Air Force Funds Falcon-Based Anti-Drone Research

Oxford University study found that predatory behavior and flight patterns of falcons could be useful to anti-drone field.

byMarco Margaritoff| UPDATED Dec 5, 2017 5:49 PM
Air Force Funds Falcon-Based Anti-Drone Research

The United States Air Force has funded anti-drone research from an unexpected angle—the predatory animal behavior of a falcon when targeting its prey. We’ve seen biomimetic drone designs before, such as the SMAD which can perch on walls, or the bionic drone capable of fitting in amongst actual birds, but the approach here isn’t focused on mimicking birds and appearing like them, rather it uses them as inspiration for aerial anti-drone technology. 

According to Bloomberg, the Air Force funded a zoology study by researchers at Oxford University, which found that a falcon’s tracking of prey could be useful when developing anti-drone tech in order to defend against potentially threatening unmanned aerial vehicles. This would ideally be implemented to protect troops, law enforcement, or “critical infrastructure” such as airports. 

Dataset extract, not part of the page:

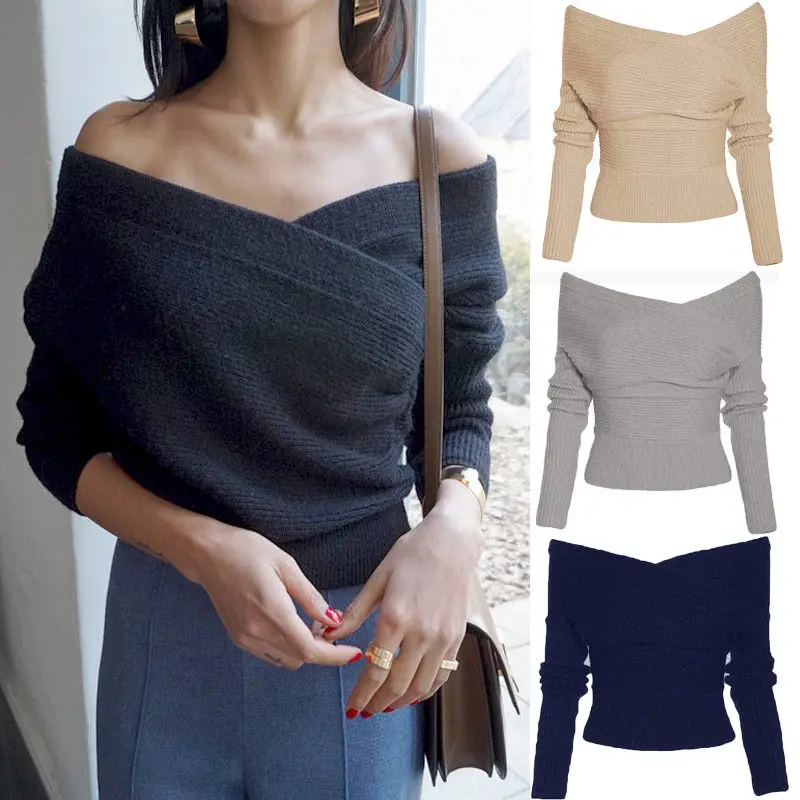 2018 Winter Womens Long Sleeve Off Shoulder Sweaters Knitted Top Pullover Sweater Jumper Slim Slash Neck Knit Sweaters Wholesale
2018 Winter Womens Long Sleeve Off Shoulder Sweaters Knitted Top Pullover Sweater Jumper Slim Slash Neck Knit Sweaters Wholesale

Reportedly, the research involved fitting falcons with video cameras and GPS receivers, in order to track their precise flight maneuvers and methodology when attacking their prey. The study even had researchers attach bait to a drone to lure a falcon after the UAV and simultaneous track its movement. According to Oxford University’s research paper published Monday, one particularly interesting conclusion was that “peregrine falcons steer their attacks using the same control strategies as guided missiles.” Naturally, this is of paramount interest to defense institutions such as the Air Force. 

“We think that the finer details of how peregrines operate could certainly find application in small drones designed to remove other drones from protected airspace,” said Professor Graham Taylor, whose research was comprised of 55 attack flights with falcons and drones. The research being done here will most probably not lead to large fleets of drone-destroying falcons perched atop airports and near battlefields, rather to a more refined understanding of how to program anti-drone technology for maximum efficiency in flight and targeting.

As drones become more affordable, and increasingly threaten the integrity of purposefully guarded areas such as airports and prisons, officials responsible for the security of said institutions are becoming more and more concerned with how best to approach this modern problem of unwelcome aerial visitors. Sure, there are anti-drone guns as well as the ability to geofence an area, but as the drone industry grows, so does anti-drone research and funding. Looking towards avian predatory behavior is not only logical but readily available for testing, making this falcon-based anti-drone development fairly rational.